## [INFORMATION SUPPLIED]
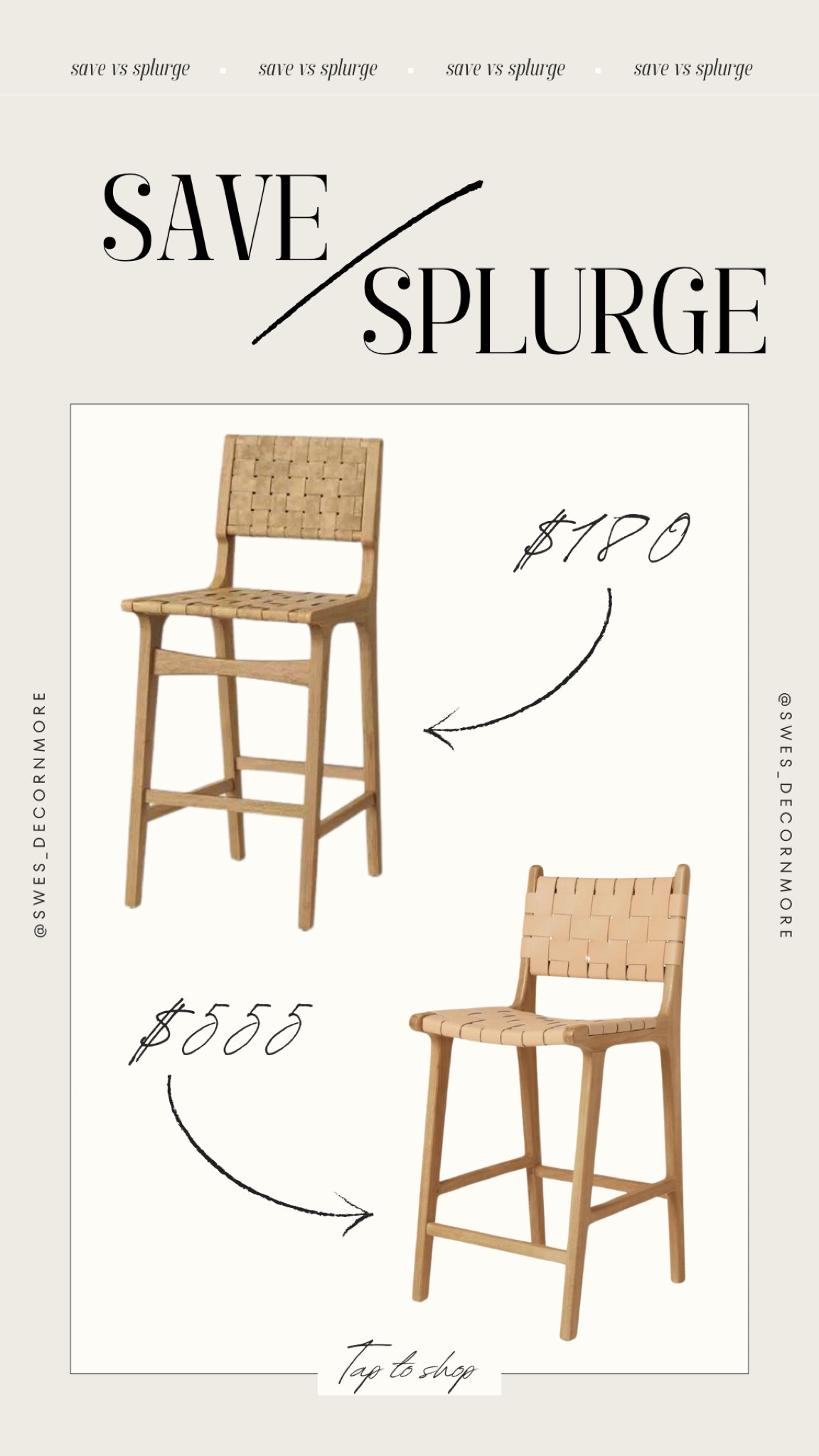 Save or splurge on this beautiful woven neutral teak counter stool from Haiti Home! Target has a very similar one that is woven and has a wood base at a much more budget friendly cost! Both are sure to make a statement in your home this fall! 

#LTKHome #LTKSeasonal #LTKStyleTip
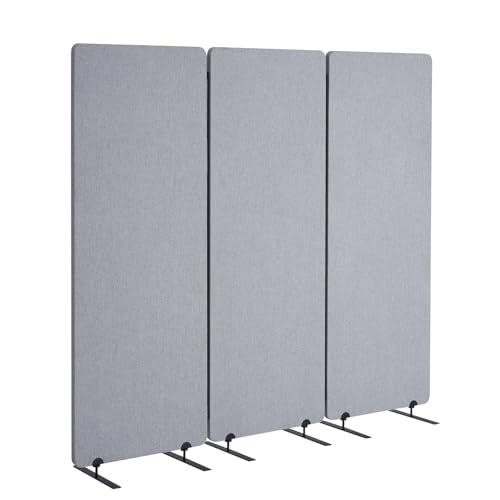 VEVOR 2FT Room Divider, 3 Panel PET Polyester Soundproof Room Screen, Folding Privacy Divider Portable Partition Divider for Room Separation, Freestanding Room Partitions for Office Study, Grey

## [EXERCISE DIRECTIONS]
Your copy should run from the line that has "#LTKHome #LTKSeasonal #LTKStyleTip" through the last line above, exactly, with both ends in and pictures out.

## [ANSWER TO THIS PROBLEM]
#LTKHome #LTKSeasonal #LTKStyleTip
 VEVOR 2FT Room Divider, 3 Panel PET Polyester Soundproof Room Screen, Folding Privacy Divider Portable Partition Divider for Room Separation, Freestanding Room Partitions for Office Study, Grey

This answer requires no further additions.